Highly connected framework materials from flexible tetra-isophthalate ligands†
Abstract
The design of metal–organic frameworks (MOFs) with high connectivity ligands is a potentially important approach towards enhanced stability materials and presents a powerful incentive in the self-assembly process towards high dimensionality networks, yet the MOF literature is dominated by di- and tri-carboxylate ligands. Herein, we report a new class of tetra-isophthalate “hyper-carboxylate” ligands containing flexible, linear diamine cores (H8L1, containing 1,2-diaminoethane; H8L2, 1,3-diaminopropane; H8L3, 1,4-diaminobutane; H8L4, trans-1,4-diaminocyclohexane).
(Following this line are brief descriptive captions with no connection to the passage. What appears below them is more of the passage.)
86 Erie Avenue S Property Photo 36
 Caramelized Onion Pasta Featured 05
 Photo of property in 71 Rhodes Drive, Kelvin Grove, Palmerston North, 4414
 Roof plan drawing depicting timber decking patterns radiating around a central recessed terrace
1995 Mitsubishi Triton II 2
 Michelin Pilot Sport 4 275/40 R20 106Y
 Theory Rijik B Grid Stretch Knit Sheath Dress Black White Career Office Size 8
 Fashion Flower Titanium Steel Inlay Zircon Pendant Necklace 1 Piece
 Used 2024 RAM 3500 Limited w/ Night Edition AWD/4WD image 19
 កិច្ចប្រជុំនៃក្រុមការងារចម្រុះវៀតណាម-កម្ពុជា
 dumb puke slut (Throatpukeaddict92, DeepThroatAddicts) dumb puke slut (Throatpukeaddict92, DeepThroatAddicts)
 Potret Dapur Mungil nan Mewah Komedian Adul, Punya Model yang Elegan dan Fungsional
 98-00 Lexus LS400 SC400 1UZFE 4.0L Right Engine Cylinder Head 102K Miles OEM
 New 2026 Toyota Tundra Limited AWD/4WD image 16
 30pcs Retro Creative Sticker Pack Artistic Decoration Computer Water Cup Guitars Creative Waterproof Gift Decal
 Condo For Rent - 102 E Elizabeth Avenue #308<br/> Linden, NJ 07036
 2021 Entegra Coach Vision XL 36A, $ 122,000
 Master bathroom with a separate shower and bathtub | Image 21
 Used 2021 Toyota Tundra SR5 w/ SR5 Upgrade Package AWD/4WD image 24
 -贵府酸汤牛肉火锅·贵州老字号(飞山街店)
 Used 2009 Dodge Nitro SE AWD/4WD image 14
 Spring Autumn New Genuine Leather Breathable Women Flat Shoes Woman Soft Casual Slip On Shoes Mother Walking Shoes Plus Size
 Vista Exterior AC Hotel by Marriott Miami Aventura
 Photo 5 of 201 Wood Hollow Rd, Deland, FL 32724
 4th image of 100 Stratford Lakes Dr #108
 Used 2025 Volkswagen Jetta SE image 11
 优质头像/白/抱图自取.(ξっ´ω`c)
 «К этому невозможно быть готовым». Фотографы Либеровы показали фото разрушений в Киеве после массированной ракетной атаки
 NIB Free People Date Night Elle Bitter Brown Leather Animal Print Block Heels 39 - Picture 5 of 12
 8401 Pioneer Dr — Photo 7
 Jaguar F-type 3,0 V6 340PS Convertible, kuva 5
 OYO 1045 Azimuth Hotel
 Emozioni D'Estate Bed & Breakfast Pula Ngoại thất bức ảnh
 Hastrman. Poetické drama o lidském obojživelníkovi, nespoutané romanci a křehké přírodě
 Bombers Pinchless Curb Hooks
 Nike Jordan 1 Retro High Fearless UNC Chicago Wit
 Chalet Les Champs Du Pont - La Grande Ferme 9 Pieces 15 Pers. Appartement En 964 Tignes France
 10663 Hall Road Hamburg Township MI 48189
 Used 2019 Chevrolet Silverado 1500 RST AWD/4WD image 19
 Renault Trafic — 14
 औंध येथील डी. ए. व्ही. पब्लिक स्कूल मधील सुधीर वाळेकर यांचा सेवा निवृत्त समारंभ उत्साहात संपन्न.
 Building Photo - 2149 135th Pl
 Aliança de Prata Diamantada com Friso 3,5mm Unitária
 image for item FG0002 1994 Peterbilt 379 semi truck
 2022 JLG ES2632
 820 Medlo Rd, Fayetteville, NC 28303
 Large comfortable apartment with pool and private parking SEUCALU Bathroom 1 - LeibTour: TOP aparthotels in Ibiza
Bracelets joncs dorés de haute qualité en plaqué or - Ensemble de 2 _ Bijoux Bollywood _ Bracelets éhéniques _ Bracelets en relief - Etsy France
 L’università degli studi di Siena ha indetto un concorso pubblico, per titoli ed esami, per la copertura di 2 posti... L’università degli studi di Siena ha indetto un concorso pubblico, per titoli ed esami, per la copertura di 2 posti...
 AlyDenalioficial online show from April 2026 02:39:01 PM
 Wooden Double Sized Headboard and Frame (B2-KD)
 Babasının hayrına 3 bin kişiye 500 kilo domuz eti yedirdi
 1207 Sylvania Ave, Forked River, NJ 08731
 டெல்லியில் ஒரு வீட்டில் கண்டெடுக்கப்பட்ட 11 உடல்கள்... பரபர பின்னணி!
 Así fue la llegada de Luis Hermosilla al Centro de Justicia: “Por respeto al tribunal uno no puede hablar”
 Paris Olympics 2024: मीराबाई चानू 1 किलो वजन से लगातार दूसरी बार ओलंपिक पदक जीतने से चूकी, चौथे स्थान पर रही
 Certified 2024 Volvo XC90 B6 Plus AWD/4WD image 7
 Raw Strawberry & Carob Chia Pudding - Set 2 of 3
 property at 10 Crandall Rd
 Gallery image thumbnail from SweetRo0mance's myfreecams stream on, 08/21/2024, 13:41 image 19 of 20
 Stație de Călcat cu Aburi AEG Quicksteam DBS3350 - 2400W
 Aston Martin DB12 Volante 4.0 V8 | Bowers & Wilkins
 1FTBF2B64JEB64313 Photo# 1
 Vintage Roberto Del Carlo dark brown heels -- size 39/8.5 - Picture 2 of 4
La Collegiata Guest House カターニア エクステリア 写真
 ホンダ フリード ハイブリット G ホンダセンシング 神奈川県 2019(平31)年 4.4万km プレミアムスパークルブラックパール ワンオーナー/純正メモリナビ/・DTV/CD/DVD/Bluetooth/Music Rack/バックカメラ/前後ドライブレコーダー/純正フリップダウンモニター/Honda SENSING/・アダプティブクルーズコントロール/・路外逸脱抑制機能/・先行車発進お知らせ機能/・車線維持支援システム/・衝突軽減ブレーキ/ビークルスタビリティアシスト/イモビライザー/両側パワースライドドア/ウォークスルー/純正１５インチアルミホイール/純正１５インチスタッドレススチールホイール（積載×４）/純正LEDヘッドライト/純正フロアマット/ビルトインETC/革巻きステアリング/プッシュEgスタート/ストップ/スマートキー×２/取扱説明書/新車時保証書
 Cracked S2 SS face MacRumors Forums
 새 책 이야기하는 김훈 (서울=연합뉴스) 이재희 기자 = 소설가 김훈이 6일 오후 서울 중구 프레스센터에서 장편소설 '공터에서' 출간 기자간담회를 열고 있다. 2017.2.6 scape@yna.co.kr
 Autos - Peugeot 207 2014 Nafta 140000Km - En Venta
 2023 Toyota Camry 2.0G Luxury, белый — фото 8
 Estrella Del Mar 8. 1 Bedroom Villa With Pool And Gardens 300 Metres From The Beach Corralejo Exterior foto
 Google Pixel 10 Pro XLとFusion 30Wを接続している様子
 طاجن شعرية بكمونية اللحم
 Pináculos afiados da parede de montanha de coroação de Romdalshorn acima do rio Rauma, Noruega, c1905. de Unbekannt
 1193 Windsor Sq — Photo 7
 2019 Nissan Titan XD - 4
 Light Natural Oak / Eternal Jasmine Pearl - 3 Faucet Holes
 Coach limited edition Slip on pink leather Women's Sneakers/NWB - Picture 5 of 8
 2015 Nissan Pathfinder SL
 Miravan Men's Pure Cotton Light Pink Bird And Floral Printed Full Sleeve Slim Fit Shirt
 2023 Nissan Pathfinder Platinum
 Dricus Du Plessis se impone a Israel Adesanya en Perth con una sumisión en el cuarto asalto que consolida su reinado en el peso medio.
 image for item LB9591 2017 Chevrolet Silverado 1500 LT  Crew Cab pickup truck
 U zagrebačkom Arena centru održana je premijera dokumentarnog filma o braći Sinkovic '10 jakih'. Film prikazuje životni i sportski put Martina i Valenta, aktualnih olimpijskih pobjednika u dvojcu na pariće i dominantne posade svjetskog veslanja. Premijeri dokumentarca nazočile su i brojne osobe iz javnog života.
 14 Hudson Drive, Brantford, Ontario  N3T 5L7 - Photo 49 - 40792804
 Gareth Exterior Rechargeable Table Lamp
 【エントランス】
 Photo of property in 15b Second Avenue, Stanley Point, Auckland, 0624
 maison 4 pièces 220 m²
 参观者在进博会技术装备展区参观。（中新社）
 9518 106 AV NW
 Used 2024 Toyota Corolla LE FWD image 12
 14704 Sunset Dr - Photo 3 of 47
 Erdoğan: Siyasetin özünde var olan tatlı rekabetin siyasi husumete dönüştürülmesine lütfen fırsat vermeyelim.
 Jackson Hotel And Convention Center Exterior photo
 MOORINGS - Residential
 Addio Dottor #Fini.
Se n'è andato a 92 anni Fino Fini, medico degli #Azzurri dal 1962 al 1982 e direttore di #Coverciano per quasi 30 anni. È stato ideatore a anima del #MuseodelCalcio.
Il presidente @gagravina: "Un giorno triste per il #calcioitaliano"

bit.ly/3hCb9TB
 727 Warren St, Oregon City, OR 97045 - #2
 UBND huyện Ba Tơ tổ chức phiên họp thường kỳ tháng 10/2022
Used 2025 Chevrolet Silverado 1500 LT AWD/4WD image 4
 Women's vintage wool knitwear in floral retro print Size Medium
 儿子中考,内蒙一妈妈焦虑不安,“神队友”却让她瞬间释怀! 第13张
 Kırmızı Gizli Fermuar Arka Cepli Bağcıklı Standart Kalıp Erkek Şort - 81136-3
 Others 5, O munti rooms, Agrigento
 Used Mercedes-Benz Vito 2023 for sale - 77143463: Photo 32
A series of MOFs based around copper(II) paddlewheel SBUs and these ligands has been found to regularly display cage-type cavities, not uncommon in isophthalate systems, that increase in size with longer diamine cores. However, with great flexibility comes great unpredictability, and a number of concomitant products were obtained in several instances. Notably the ligands, whilst all notionally able to connect to eight or more metal ions, are able to adopt a variety of coordination modes (coordinated to 8, 10, 12, or 14 metal ions) and topological connectivities (4-, 6-, and 8-connecting) as a consequence of their variable protonation states, in many instances leaving carboxylic acids directed into the framework channels. A variety of networks with other transition metals and node topologies further emphasise the unpredictability that can arise from having eight carboxylate groups in a single ligand including, somewhat surprisingly, two-dimensional coordination polymers. However, it is clear that despite the large variety of possible coordination modes leading to synthetic challenges in obtaining pure products, the use of highly decorated ligands is a strategy that generally trends towards three-dimensional networks of high connectivity.